Exercise prompt
Please print exactly the lines from the one containing "SINGER® M1250 Sewing Machine - Image 2" through the last line of the records, and only those. Leave out any pictures.
[Dataset — start]
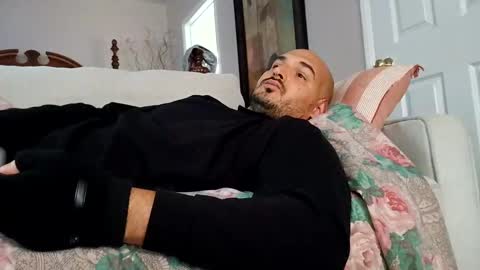 Snapshot of fn389 chatting on December 27, 10:26 pm Frank online show from December 27, 10:26 pm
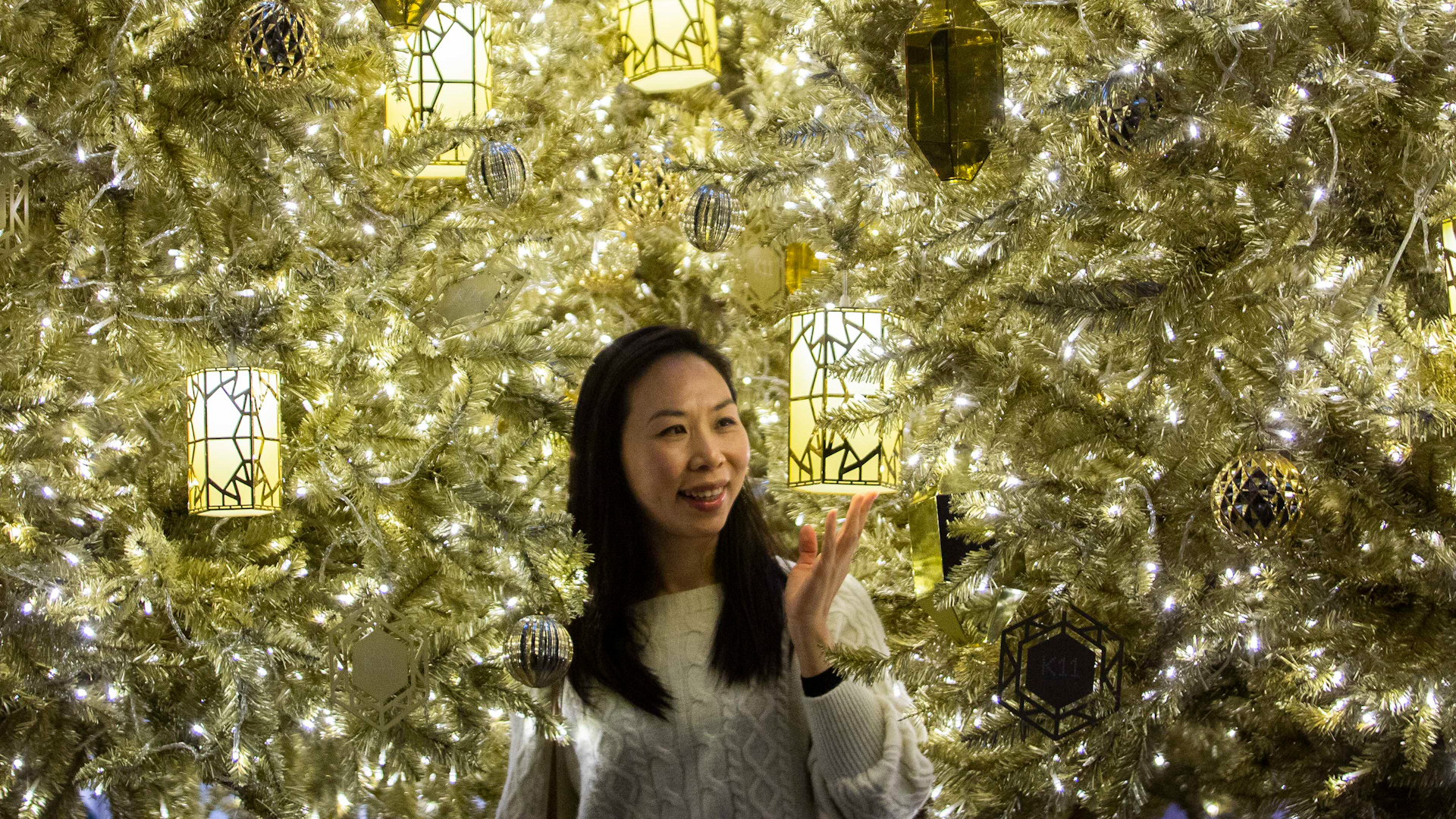 See people around the world prepping for Christmas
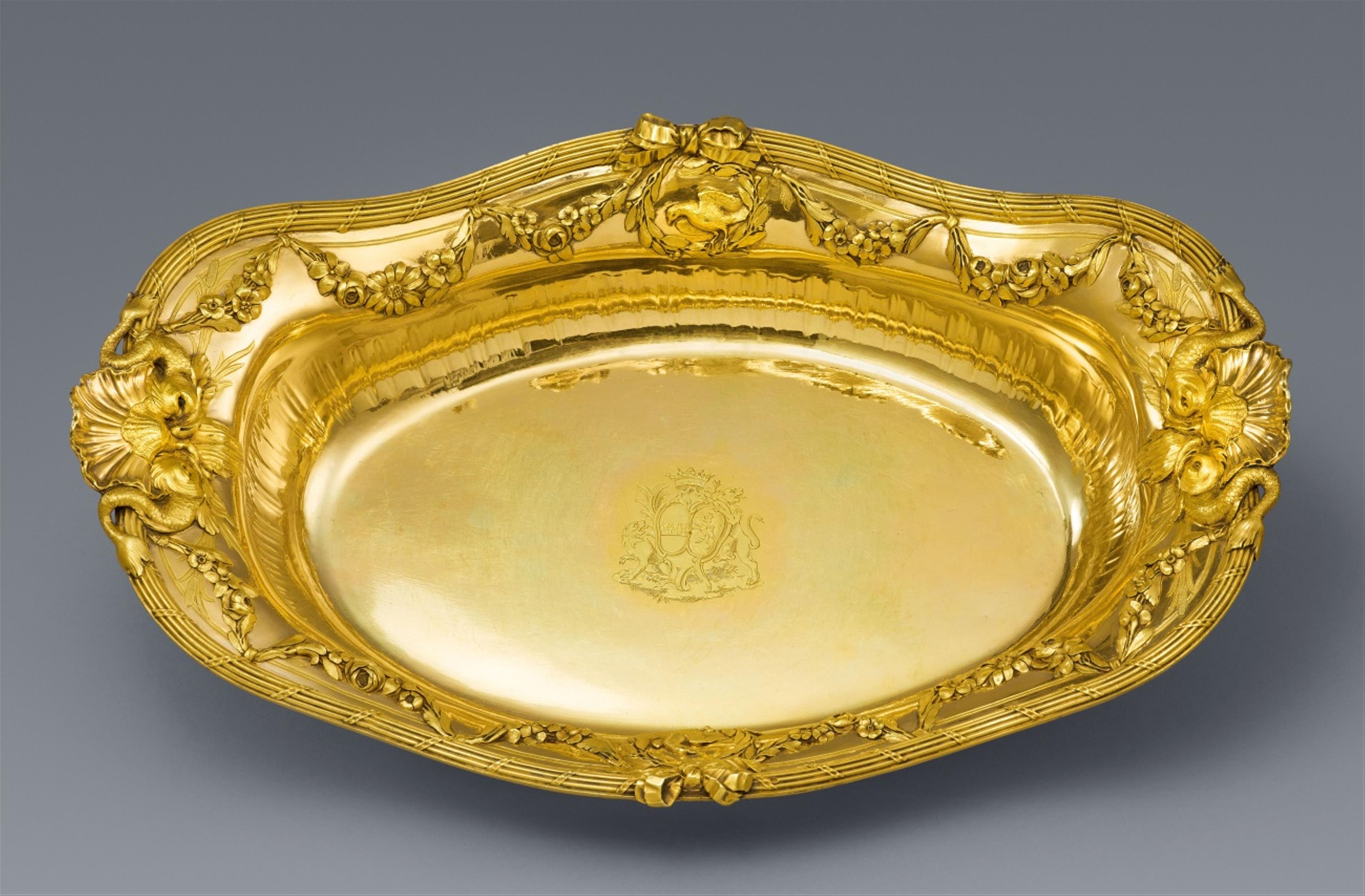 A royal presentation gift: Silver lavabo garniture for the Marquis and Marquise of Montmelas - image-7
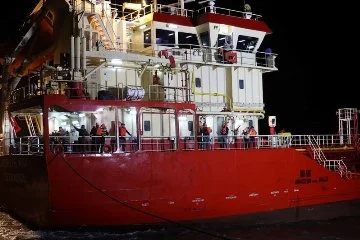 İstanbul'da gemi karaya oturdu! 11 kişilik mürettebatı kurtarıldı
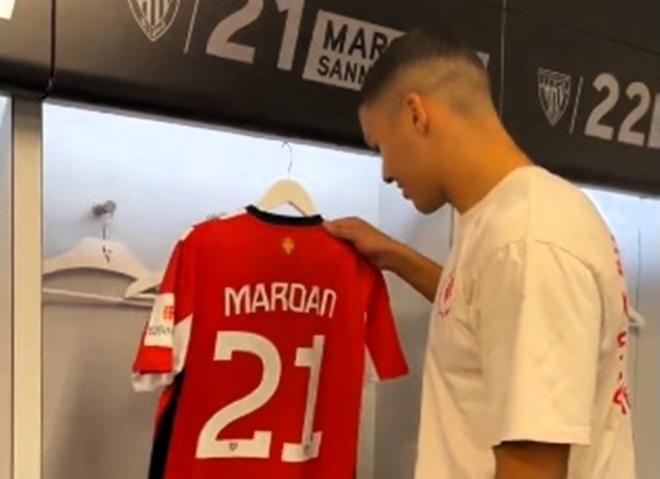 Maroan Sannadi ve su camiseta y su taquilla en el vestuario del Athletic Club.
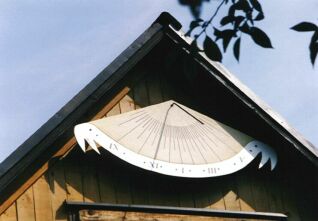 Sluneční hodiny v obci Dachovy pořízené majitelem chaty dle mých pokynů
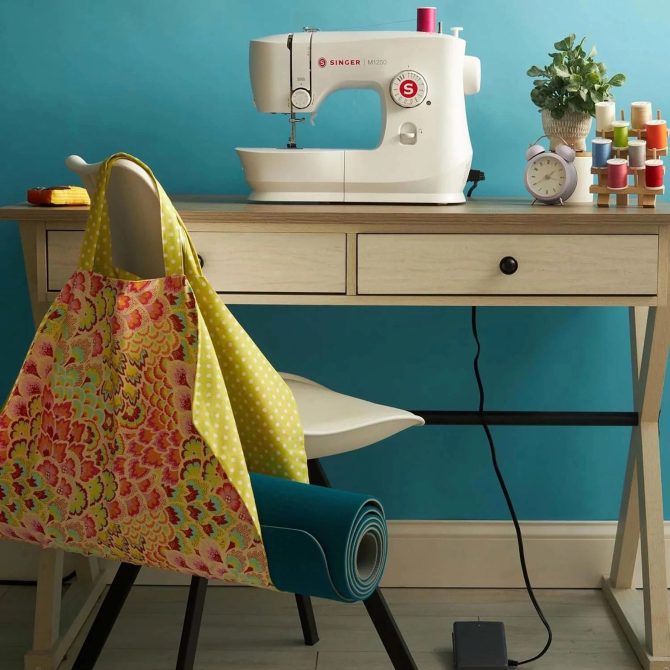 SINGER® M1250 Sewing Machine - Image 2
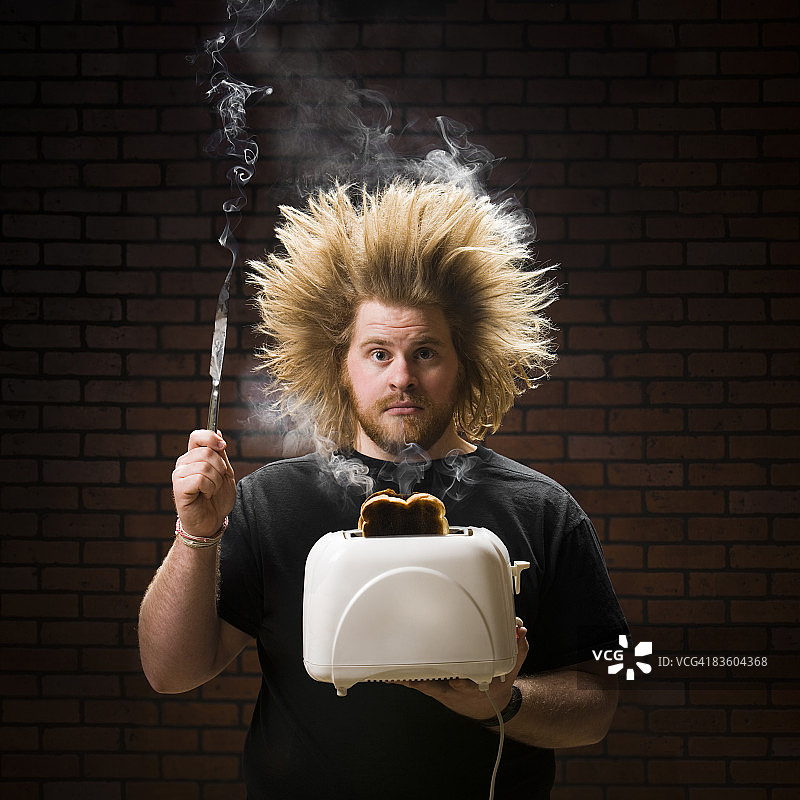 使用冒烟烤面包机的男人图片素材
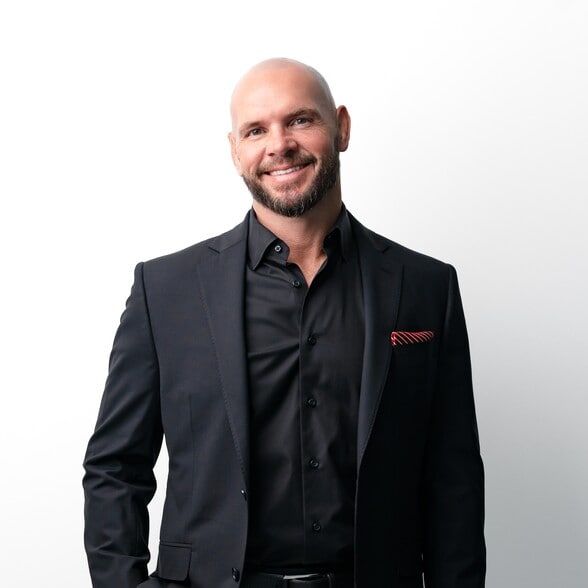 Land Listing Agent Photo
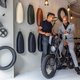 Doppio in De Pijp verkoopt elektrische fietsen voor twee personen
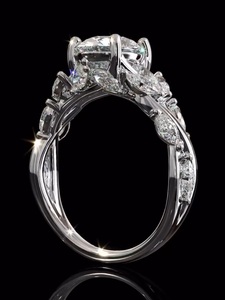 Anillo de Compromiso de Oro Rosa de 14K con Banda de Diamantes en Forma de Hoja Inspirada en la Naturaleza, Corte Ovalado de 2.00CT y Piedras Laterales Marquise, Certificado IGI, Moderno, para Mujer - Product Image 4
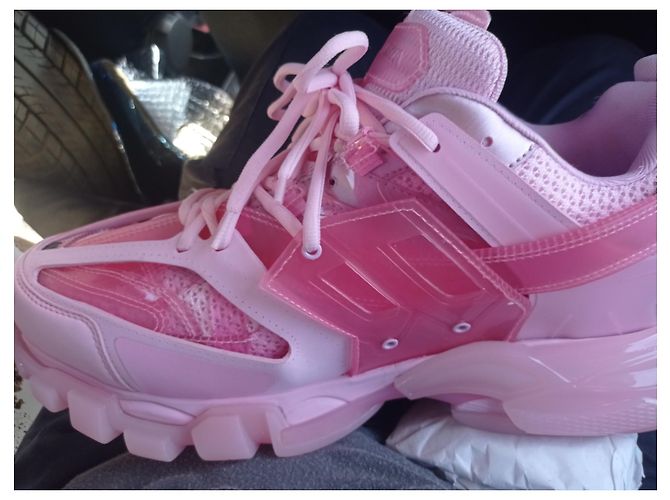 Sneakers Balenciaga in pelle rosa - vista 3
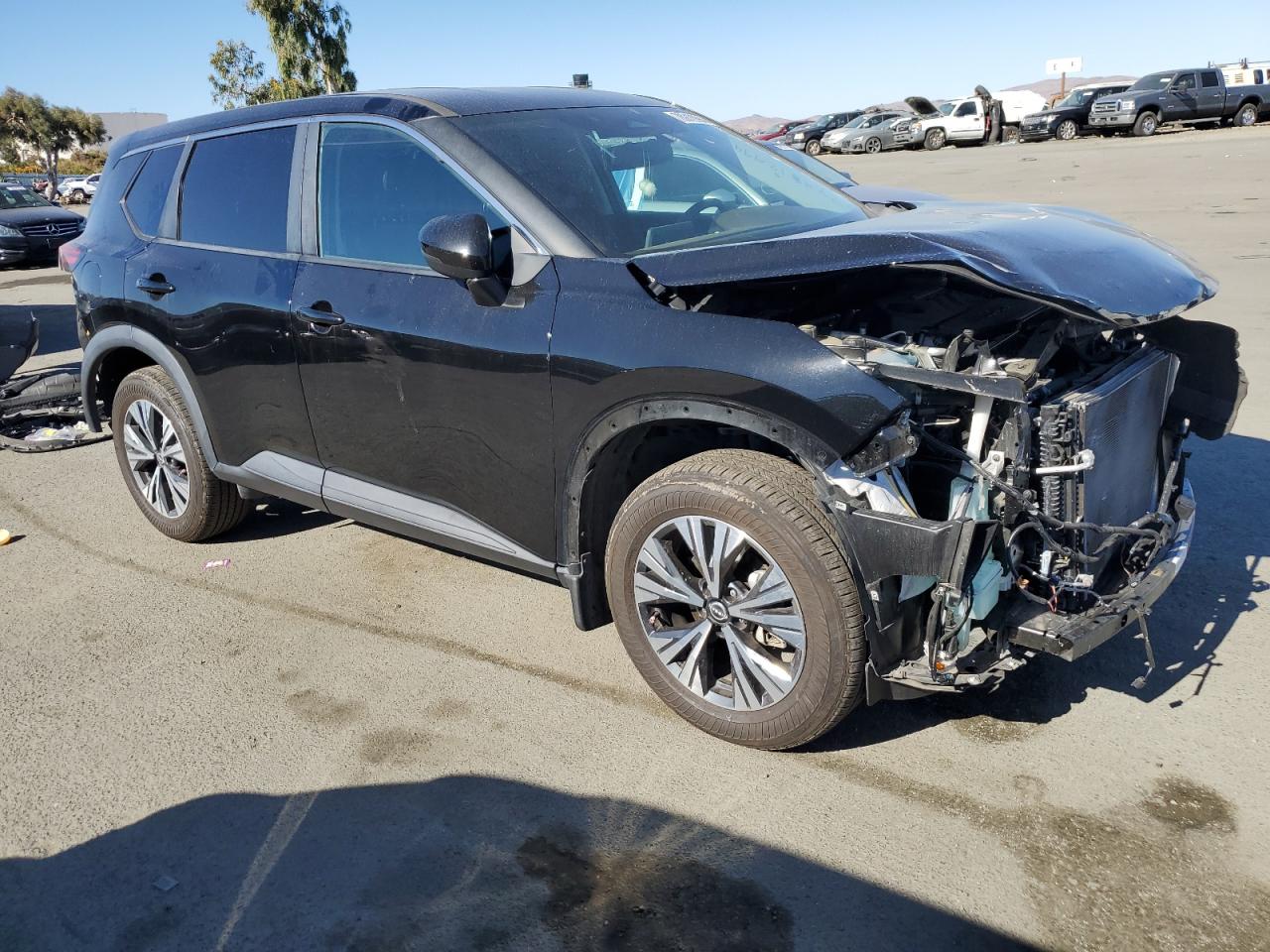 VIN 5N1BT3BA2NC682131 2022 NISSAN ROGUE no.4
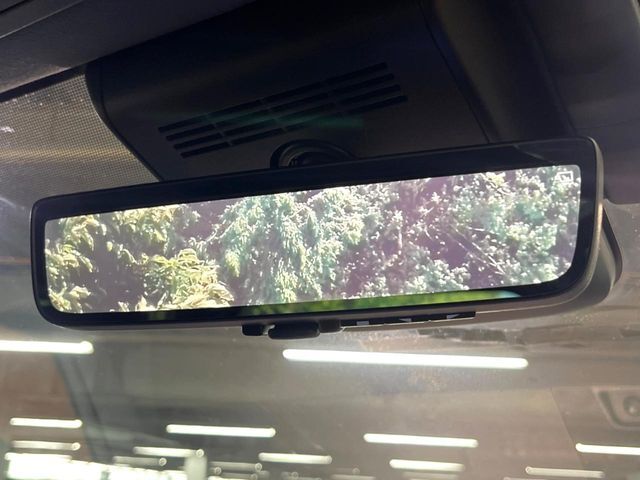 【デジタルインナーミラー】後席の大きな荷物や同乗者で後方が確認しづらい時でも安心！カメラが撮影した車両後方の映像をルームミラー内に表示。クリアな視界で状況の確認が可能です！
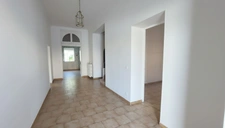 Townhouse, 4 bedrooms + 1 office with garden and garage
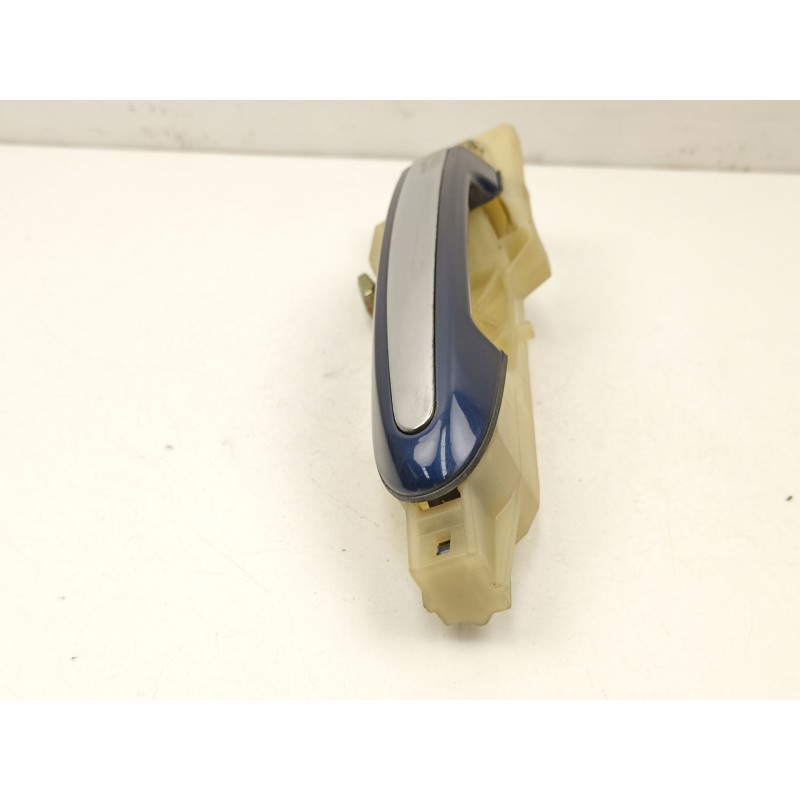 Recambio de manilla delantera izquierda para hyundai santa fé ii (cm) 2.2 crdi 4x4 referencia OEM IAM 826552B000  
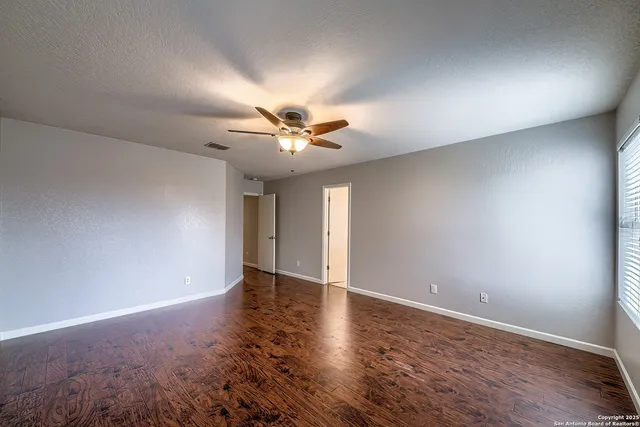 $1,900 | 132 Wistoria Court, Cibolo, TX 78108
[Dataset — finish]
Final answer
 SINGER® M1250 Sewing Machine - Image 2
 使用冒烟烤面包机的男人图片素材
 Land Listing Agent Photo
 Doppio in De Pijp verkoopt elektrische fietsen voor twee personen
 Anillo de Compromiso de Oro Rosa de 14K con Banda de Diamantes en Forma de Hoja Inspirada en la Naturaleza, Corte Ovalado de 2.00CT y Piedras Laterales Marquise, Certificado IGI, Moderno, para Mujer - Product Image 4
 Sneakers Balenciaga in pelle rosa - vista 3
 VIN 5N1BT3BA2NC682131 2022 NISSAN ROGUE no.4
 【デジタルインナーミラー】後席の大きな荷物や同乗者で後方が確認しづらい時でも安心！カメラが撮影した車両後方の映像をルームミラー内に表示。クリアな視界で状況の確認が可能です！
 Townhouse, 4 bedrooms + 1 office with garden and garage
 Recambio de manilla delantera izquierda para hyundai santa fé ii (cm) 2.2 crdi 4x4 referencia OEM IAM 826552B000  
 $1,900 | 132 Wistoria Court, Cibolo, TX 78108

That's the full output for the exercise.